= RECORDED INFORMATION =
****

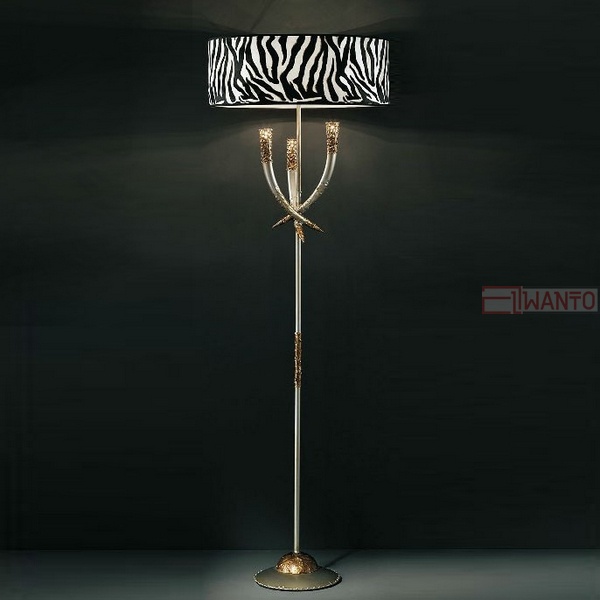 Торшер MM Lampadari Safari 6841/LT6 V2460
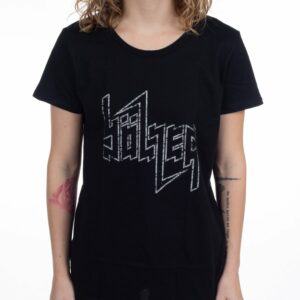 Bolzer Logo Girls T shirt 3
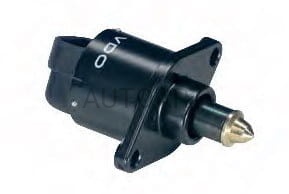 SILNIK KROKOWY CITROEN ,PEUGEOT C95184,B15/00 (1393624)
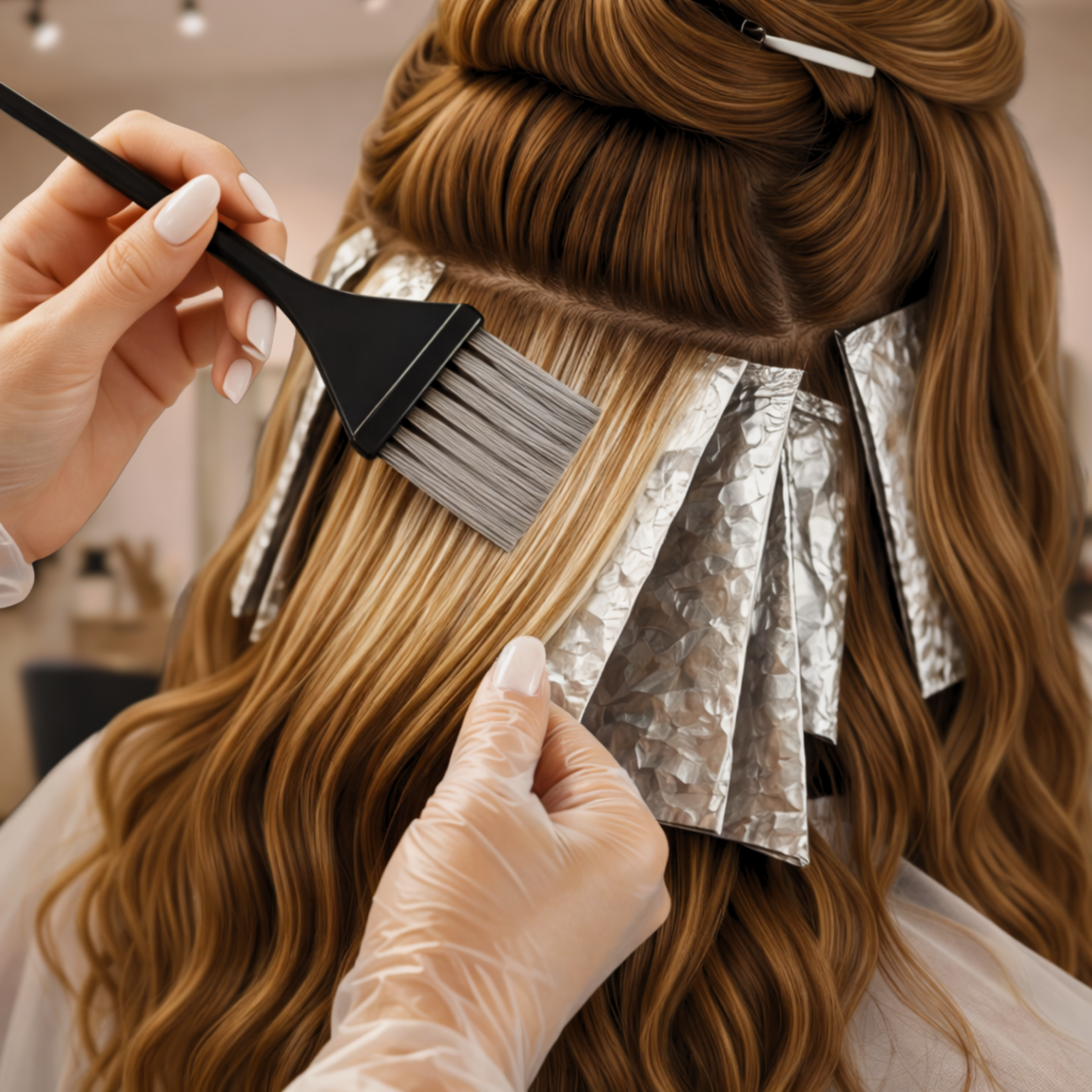 Full Highlight - Extensions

****

= PROBLEM DESCRIPTION =
The whole listing above is to be repeated exactly, apart from its pictures.

= COMPLETED EXERCISE =
 Торшер MM Lampadari Safari 6841/LT6 V2460
 Bolzer Logo Girls T shirt 3
 SILNIK KROKOWY CITROEN ,PEUGEOT C95184,B15/00 (1393624)
 Full Highlight - Extensions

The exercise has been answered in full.